[Crawled caption data]
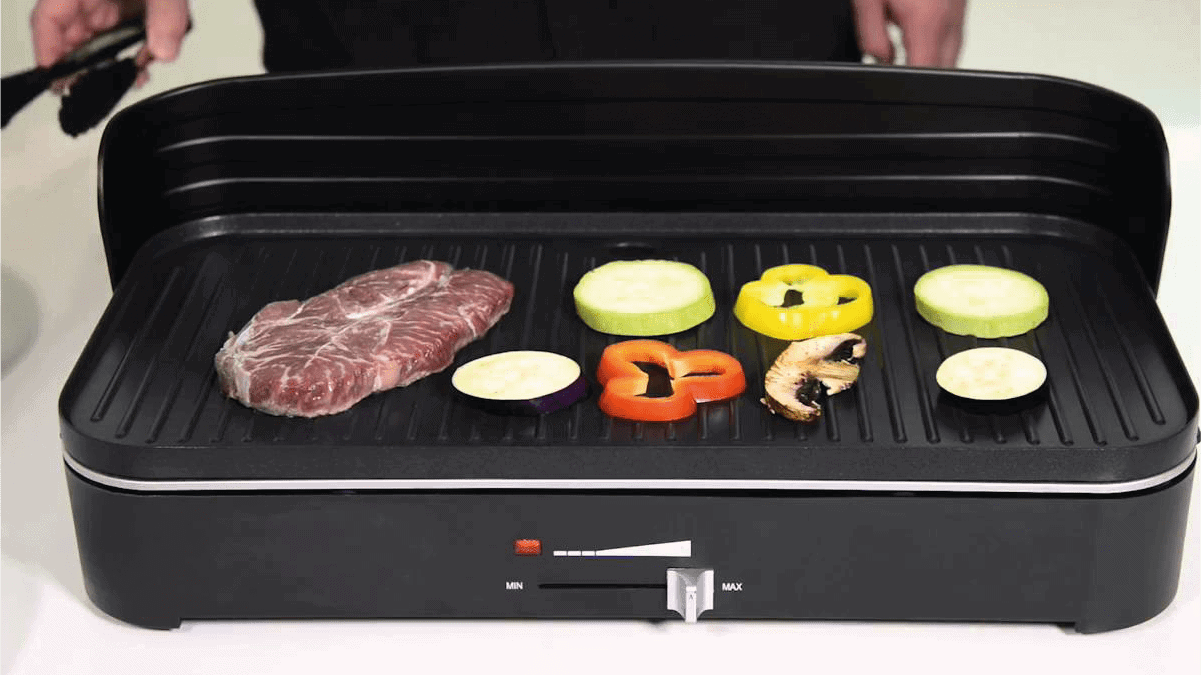 a piece of meat and veggies are getting grilled on an electric griller. 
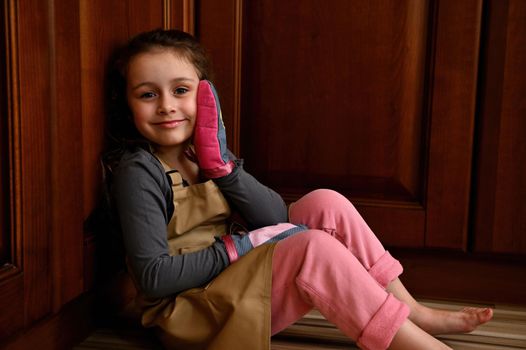 Portrait of an adorable Caucasian child girl, little baker confectioner in a beige chef apron and kitchen mittens, sitting on the floor and leaning against wooden kitchen cupboard, smiling to camera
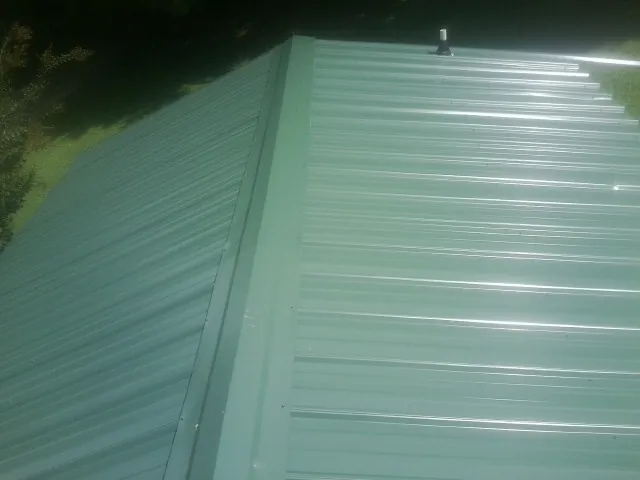 New green metal panels meeting at the ridge of a roof — Flat Roof Repair work by our crew in Orrick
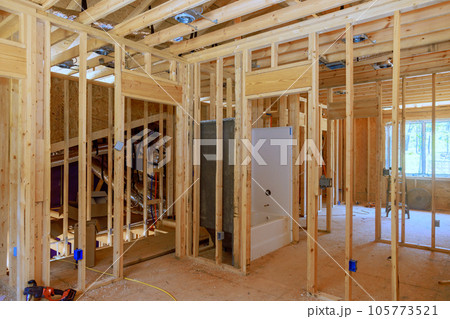 Bathroom remodel under plumbing work connecting installation of pipes with installed new acrylic bathtub for new house 105773521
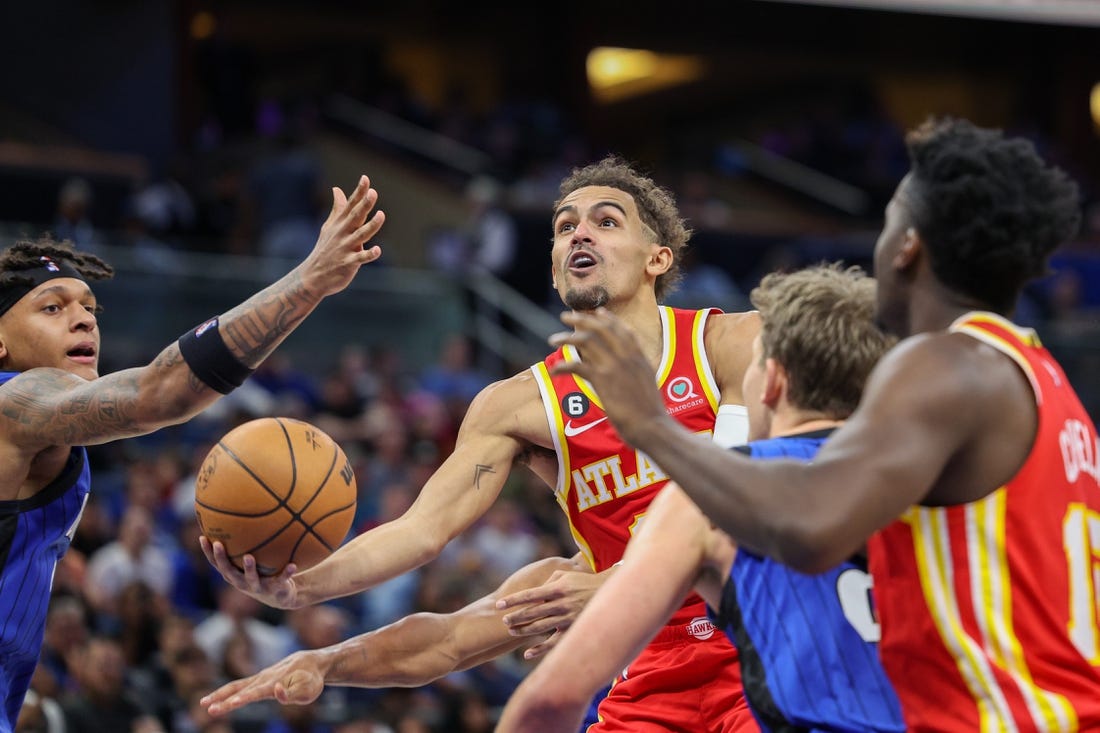 Nov 30, 2022; Orlando, Florida, USA;  Atlanta Hawks guard Trae Young (11) drives to the hoop against the Orlando Magic in the second quarter at Amway Center. Mandatory Credit: Nathan Ray Seebeck-USA TODAY Sports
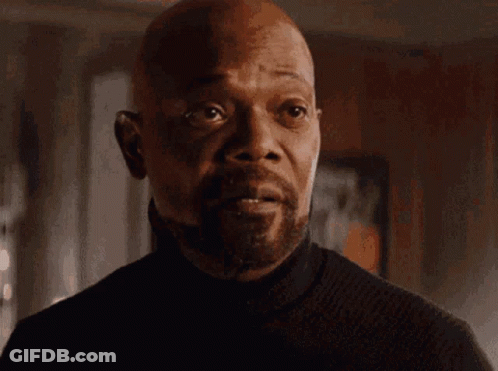 A Man With A Beard Is Wearing A Black Turtleneck Sweater And Looking At The Camera . GIF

> Exercise description
Please transcribe all of the records above exactly, leaving out any pictures.

> Output of the task
 a piece of meat and veggies are getting grilled on an electric griller. 
 Portrait of an adorable Caucasian child girl, little baker confectioner in a beige chef apron and kitchen mittens, sitting on the floor and leaning against wooden kitchen cupboard, smiling to camera
 New green metal panels meeting at the ridge of a roof — Flat Roof Repair work by our crew in Orrick
 Bathroom remodel under plumbing work connecting installation of pipes with installed new acrylic bathtub for new house 105773521
 Nov 30, 2022; Orlando, Florida, USA;  Atlanta Hawks guard Trae Young (11) drives to the hoop against the Orlando Magic in the second quarter at Amway Center. Mandatory Credit: Nathan Ray Seebeck-USA TODAY Sports
 A Man With A Beard Is Wearing A Black Turtleneck Sweater And Looking At The Camera . GIF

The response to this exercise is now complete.